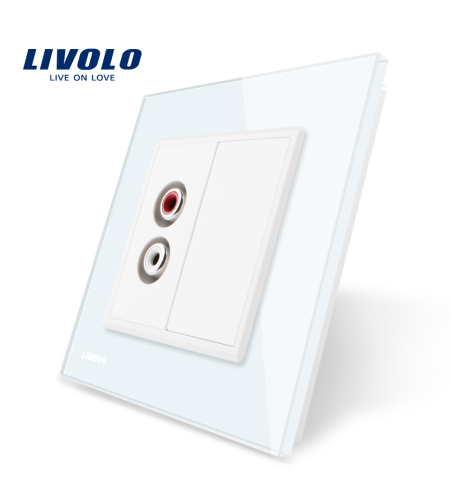 Priza simpla audio Livolo cu rama din sticla, alb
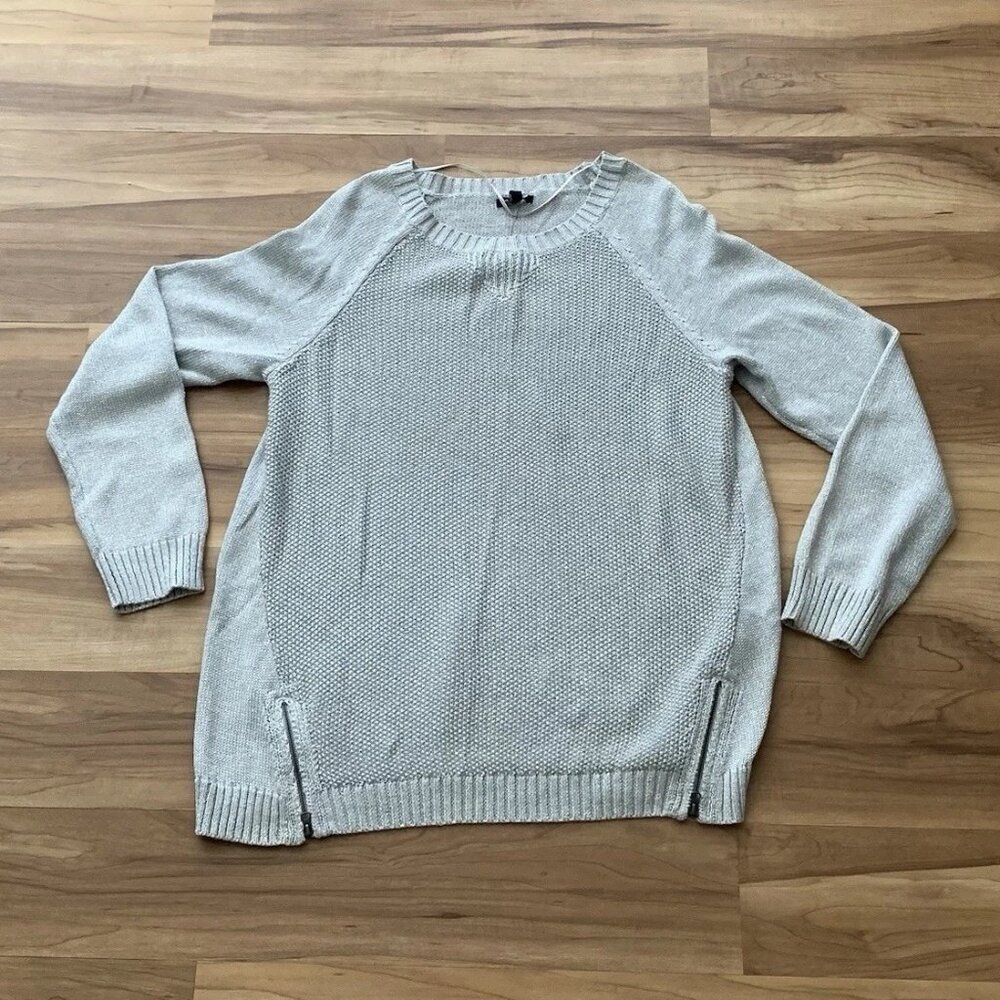 Apt. 9 Metallic Silver Threaded Long Sleeve Gray Knit Zipper Hem Sweater Size XL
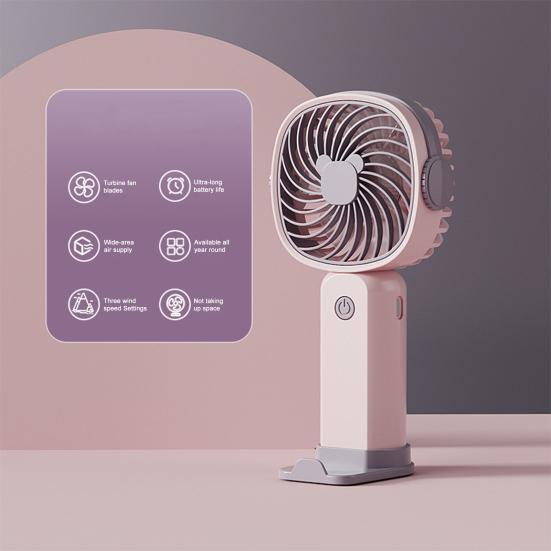 Handheld Fan with 3 Adjustable Speeds Strong Airflow Low Noise Compact Design Portable Table Fan Personal Air Cooler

What you will do: All of the material is to be reproduced verbatim, pictures excluded.

Expected answer:
 Priza simpla audio Livolo cu rama din sticla, alb
 Apt. 9 Metallic Silver Threaded Long Sleeve Gray Knit Zipper Hem Sweater Size XL
 Handheld Fan with 3 Adjustable Speeds Strong Airflow Low Noise Compact Design Portable Table Fan Personal Air Cooler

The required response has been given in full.